As previously reported, the Brevard County Commissioners voted unanimously last August to deny Williamson’s invocation request after he sent correspondence to Chairman Mary Bolin Lewis asking that the group be added to the county’s list. The county stated that Williamson’s group does not qualify for the invocation because it is defined as a “prayer presented by members of [the] faith community.”
“The prayer is delivered during the ceremonial portion of the county’s meeting, and typically invokes guidance for the County Commission from the highest spiritual authority, a higher authority which a substantial body of Brevard constituents believe to exist,” the response from the commissioners and the county attorney outlined. “The invocation is also meant to lend gravity to the occasion, to reflect values long part of the county’s heritage, and to acknowledge the place religion holds in the lives of many private citizens in Brevard County.”

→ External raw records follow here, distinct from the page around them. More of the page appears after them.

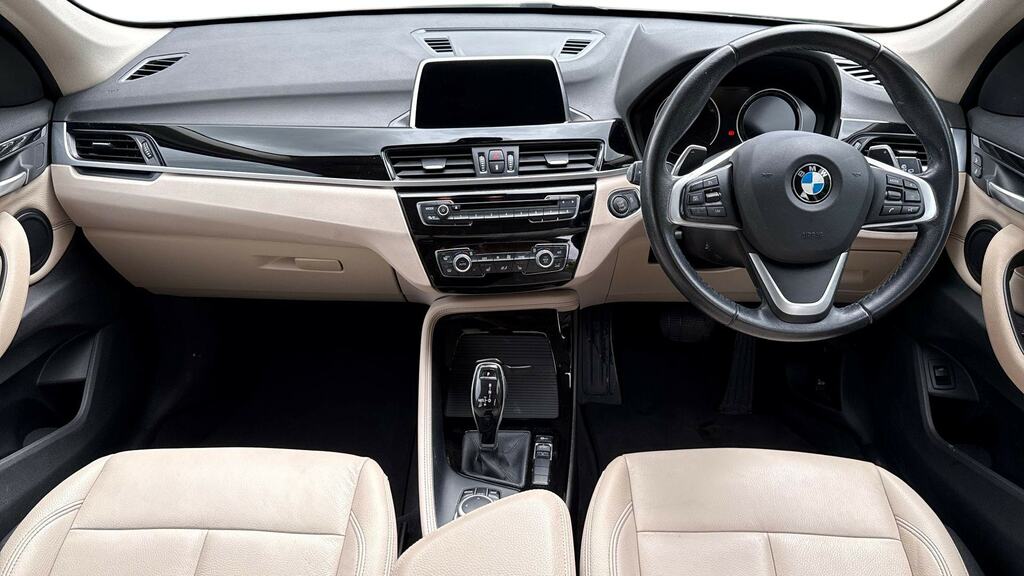 BMW X1 Sdrive 20I Xline Step Black #4
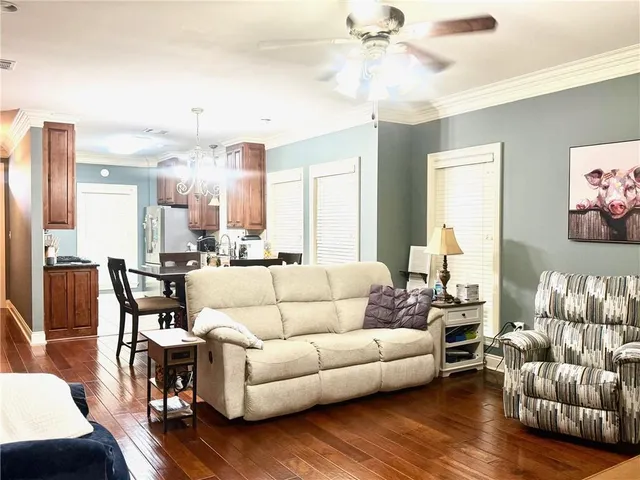 $295,000 | 132 Rue Saint Cameron, Houma, LA 70360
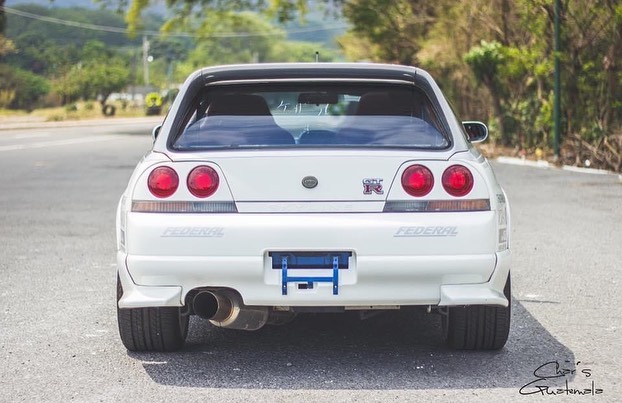 One-Off Nissan Skyline GT-R R33 ‘Speedwagon’ Looks Odd, But Was A Beast Back In The Day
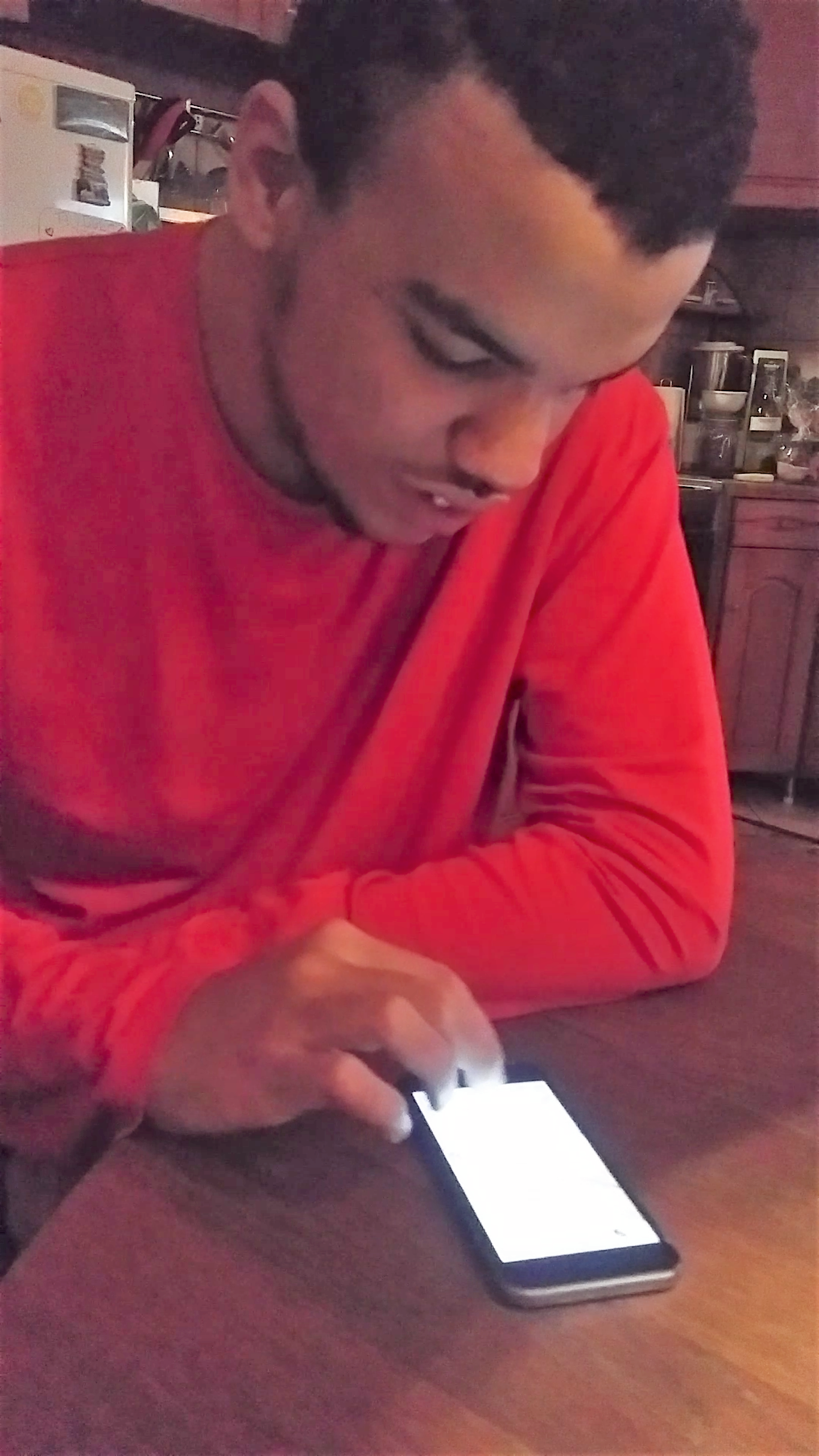 Autismo e abilità sociali. Come insegnare ad usare il cellulare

Instead of seeking to utilize the prayer portion of the meeting, the county suggested that Williamson’s group speak during the public comment period.
Last week, Brevard County Commissioners discussed a clarification policy proposed by board member Curt Smith, which reiterated that while the invocations would remain religious in nature, atheists would be welcome to speak during the comment period.
“The board wishes to formalize a policy on invocations that is not hostile to faith based religions, and that does not endorse secular humanism, or non-belief of traditional faith based religions, comprised of constituents who believe in God,” Smith said.
The board voted unanimously in favor of the policy, which angered atheists who opined that the rule was discriminatory.
“The groups are adamant that this is discrimination, and it relegates non-believers to second class citizens,” Williamson told reporters. “To deny anyone the right to participate as equal members of the community that portion of the meeting is abhorrent.”
The Florida Freethought Community and the Florida chapter of the American Civil Liberties Union (ACLU) have now filed a federal lawsuit against the county over the matter.
Smith says that he doesn’t believe that a non-religious group can rightfully accuse the county of engaging in discrimination.
“If they were a religion and they honored the word of God, they would have every opportunity to speak to us during that period that we set aside to honor God,” he stated. “The business of the community is secular, and these folks are admitted secularists, so they can take part in the secular business anytime they wish.”